Do You Get Paid for Two Weeks if You Get Paid Biweekly?
Unravel the truth about biweekly pay. Discover how your work time translates to payment and what affects your take-home amount.
Unravel the truth about biweekly pay. Discover how your work time translates to payment and what affects your take-home amount.
Understanding biweekly pay can be confusing, especially regarding the work duration covered and how it translates into your paycheck. Clarifying the mechanics of biweekly pay helps employees manage finances and understand earnings. This article explains what biweekly pay entails and the factors influencing your net paycheck.
Biweekly pay refers to a compensation frequency where employees receive their wages every two weeks. This schedule means that paychecks are issued on the same day of the week, such as every other Friday. Each biweekly paycheck covers a specific 14-day work period. For a full-time employee, this typically amounts to 80 hours of work within that period.
Biweekly pay differs from semimonthly pay. Semimonthly pay involves receiving wages twice a month, usually on fixed dates like the 15th and the last day of the month. This results in 24 paychecks per year, while biweekly pay generally leads to 26 paychecks annually. The consistent day of the week for biweekly payments provides predictability for budgeting.

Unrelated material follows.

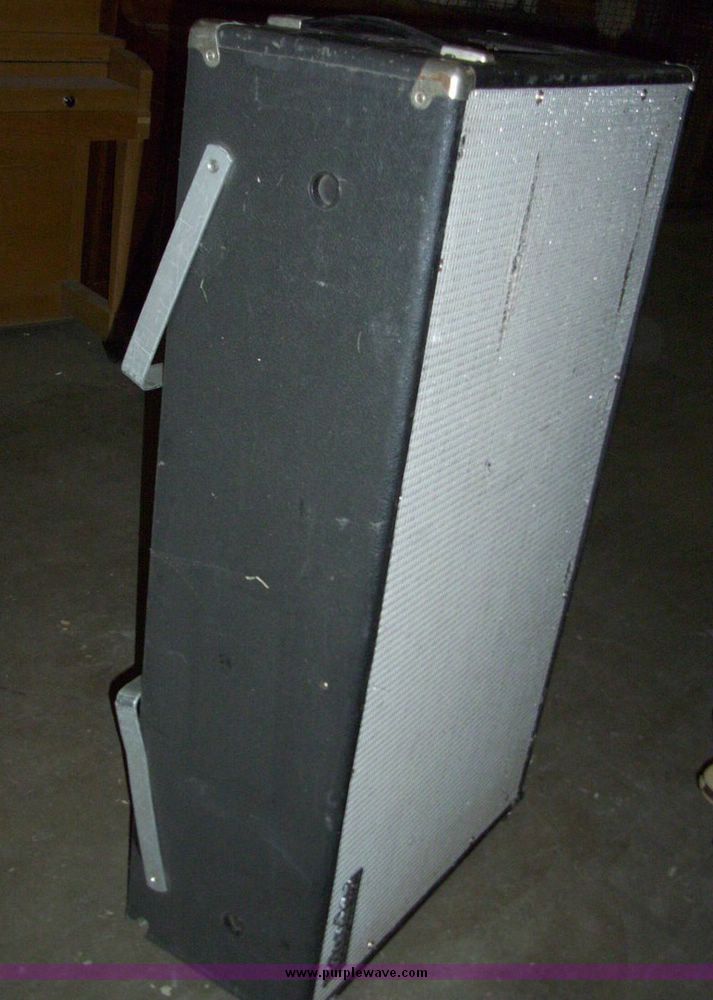 image for item 5132 Rhodes electric piano and amplifier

While a biweekly paycheck covers a two-week work period, the actual pay date typically occurs a few days after the end of that work period. This lag allows employers sufficient time to process payroll, calculate hours, apply deductions, and ensure accuracy. This means the work you perform in a given two-week period is compensated shortly thereafter, but not immediately.
A standard year usually translates into 26 biweekly pay periods. However, due to the calendar’s alignment, some years will contain 27 pay periods. This occurs approximately every 11 years due to the calendar’s alignment. In such a year, employees receive an additional paycheck. For salaried employees, employers may choose to either issue a 27th paycheck or prorate the annual salary over 27 periods, resulting in slightly smaller individual checks but the same annual earnings.
Even when covering a consistent two-week work period, the net amount of a biweekly paycheck can vary due to several factors. Deductions are a primary reason for differences between gross pay (earnings before deductions) and net pay (take-home pay). Mandatory deductions include federal income tax withholding, which is calculated based on an employee’s Form W-4, filing status, and income.
Federal Insurance Contributions Act (FICA) taxes are also mandatory deductions, funding Social Security and Medicare. For 2025, employees contribute 6.2% of their wages to Social Security up to an annual wage base limit (e.g., $176,100 in 2025), and 1.45% to Medicare on all wages. An additional 0.9% Medicare tax applies to wages exceeding certain thresholds (e.g., $200,000 for single filers).
Beyond taxes, pre-tax deductions for benefits like health insurance premiums, HSAs, FSAs, and retirement contributions (e.g., 401(k)s) reduce taxable income before taxes are calculated. Other factors influencing paycheck amounts include overtime hours, commissions, and bonuses. Conversely, unpaid leave or wage garnishments for court-ordered payments like child support can reduce the net amount received.